Less than three weeks from the May 16 primary, 25% or more of privately polled voters say they are undecided.

“I’ve never seen anything like this so close to an election,” I was told by a long-time party walrus, who shared the results of several internal polls with me. I am among the undecided, and will explain why in a minute. 

Faced with near-certain defeat, it is hoped and believed, some candidates will exit and throw their support to other candidates. Example: Derek Green bowed out and endorsed his Northwest Coalition colleague, Cherelle Parker, making her the only Black candidate in the top tier.

Race matters, but it is not necessarily determinative. In the hotly contested 2015 mayor race, Jim Kenney won with an outright majority, in part because the mostly Black Northwest Coalition threw its support to him, rather than to Black state senator Anthony Hardy Williams. 

Jeff Brown and Allan Domb are the Big Business Boys, each middle aged, white, and moderate, and they have been beating each other up. 

In one widely circulated poll taken back in March, Brown was tied for the lead with Helen Gym at 16%. In a not released April poll, he had fallen to 11%, tied with Cherelle Parker in fourth place.

In that poll, Domb is in third place with 14%, nipping at Helen Gym’s heels with 15. 

And that was before Brown ran afoul of the Ethics Board.

Another private poll has Rhynhart leading with 20%, followed by Parker at 18%, Domb at 16%, Gym at 13%, Brown at 11%. 

Among nonprogressive Dems, an acronym is rising, one I already have been using: ABG — Anyone But Gym.

I am told a poll taken by the FOP, which endorsed Brown, has him around 10%. That’s a doom number.

If Brown believes the writing is on the wall, he may suspend his campaign, and endorse another candidate. Who? ABG.

Regardless of what he does, if he is believed to be fatally wounded, a chunk of his votes will go to Domb, his brother from another mother, with less going to Parker and Rhynhart.

This is why I am undecided. I have my mail ballot, but I am not filling it out until I see who has the best chance of beating Gym, who would be a disaster for Philadelphia. I will explain why in a future column.

Domb has been running a consistent third, it seems, while Rynhart and Parker each are rising, Gym seems stalled, and Brown is falling. Parker has received the official backing of the majority of the Wards, but watch out for election-day, money-fueled skullduggery.

Gym can’t be counted out because her base is the rising left wing of progressives. They are not a majority — yet — but they turn out on Election Day (or mail in their ballots).
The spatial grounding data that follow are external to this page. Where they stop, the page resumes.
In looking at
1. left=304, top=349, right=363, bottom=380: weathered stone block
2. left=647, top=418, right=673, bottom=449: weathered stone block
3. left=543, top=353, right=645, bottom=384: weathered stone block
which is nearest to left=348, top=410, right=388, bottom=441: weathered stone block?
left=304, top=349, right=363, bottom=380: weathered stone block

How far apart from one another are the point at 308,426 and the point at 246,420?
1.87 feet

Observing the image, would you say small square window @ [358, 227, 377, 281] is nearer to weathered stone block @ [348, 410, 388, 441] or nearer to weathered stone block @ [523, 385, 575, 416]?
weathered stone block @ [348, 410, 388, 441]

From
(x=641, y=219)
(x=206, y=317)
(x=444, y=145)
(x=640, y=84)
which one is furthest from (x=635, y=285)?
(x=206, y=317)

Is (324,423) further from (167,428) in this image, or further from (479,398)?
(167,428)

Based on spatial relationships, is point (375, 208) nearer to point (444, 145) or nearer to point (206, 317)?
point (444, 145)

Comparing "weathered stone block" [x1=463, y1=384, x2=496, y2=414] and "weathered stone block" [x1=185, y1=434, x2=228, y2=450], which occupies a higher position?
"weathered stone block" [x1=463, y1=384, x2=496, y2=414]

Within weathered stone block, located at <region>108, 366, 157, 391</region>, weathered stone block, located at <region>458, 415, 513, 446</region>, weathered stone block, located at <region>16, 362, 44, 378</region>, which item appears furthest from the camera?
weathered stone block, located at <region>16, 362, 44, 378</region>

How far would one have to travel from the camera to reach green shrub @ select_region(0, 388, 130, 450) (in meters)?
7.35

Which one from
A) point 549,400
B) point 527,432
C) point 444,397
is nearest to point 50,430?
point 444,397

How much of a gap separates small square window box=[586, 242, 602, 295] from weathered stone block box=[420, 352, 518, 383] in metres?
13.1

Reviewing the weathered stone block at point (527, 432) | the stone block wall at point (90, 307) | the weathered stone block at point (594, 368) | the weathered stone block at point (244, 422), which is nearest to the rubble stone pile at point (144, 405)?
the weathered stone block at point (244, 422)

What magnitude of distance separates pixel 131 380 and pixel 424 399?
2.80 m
They are motivated True Believers.

The last time Gym ran citywide for her At-Large Council seat, in 2019, she rang up 108,604 votes — way ahead of second-place Domb, at 67,193.

If everyone stays in, a candidate can win with 65,000 votes, maybe less, opines former mayoral candidate and numbers guy Sam Katz. Gym got nearly double that last time.
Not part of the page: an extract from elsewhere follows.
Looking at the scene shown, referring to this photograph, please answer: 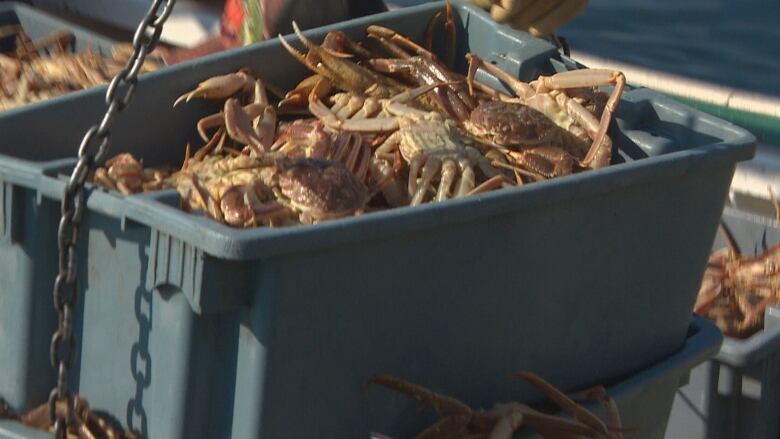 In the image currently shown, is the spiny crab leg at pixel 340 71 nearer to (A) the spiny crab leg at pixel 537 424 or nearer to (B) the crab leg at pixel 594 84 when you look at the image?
(B) the crab leg at pixel 594 84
Moderate Dems like me are worried that the more traditional Dems will split the vote and allow the most radical to prevail — think Donald J. Trump in 2016.

Like MAGA people, the Gym rats will scurry to the polls in what some political forecasters expect to be a low turnout election.

Low turnout? For a contested Mayor’s race?

Sorry, yes. In the hotly contested 2015 primary, Kenney won a majority, but only 27% of registered voters bothered to vote — 234,000 out of 806,000.

In case you forgot, Kenney beat his main rival, state senator Anthony Hardy Williams by 30 points. Also rans were former D.A. Lynne Abraham, former Judge Nelson Diaz, former state senator Milton Street, and business executive Doug Oliver. 

In the previous hotly contested mayor’s race, 2007, turnout was 39%, which is still miserable. 

Even if no one drops out in the next two weeks, the Committee 70 poll will allow people like me to coalesce behind and support the leading non-Gym candidate. 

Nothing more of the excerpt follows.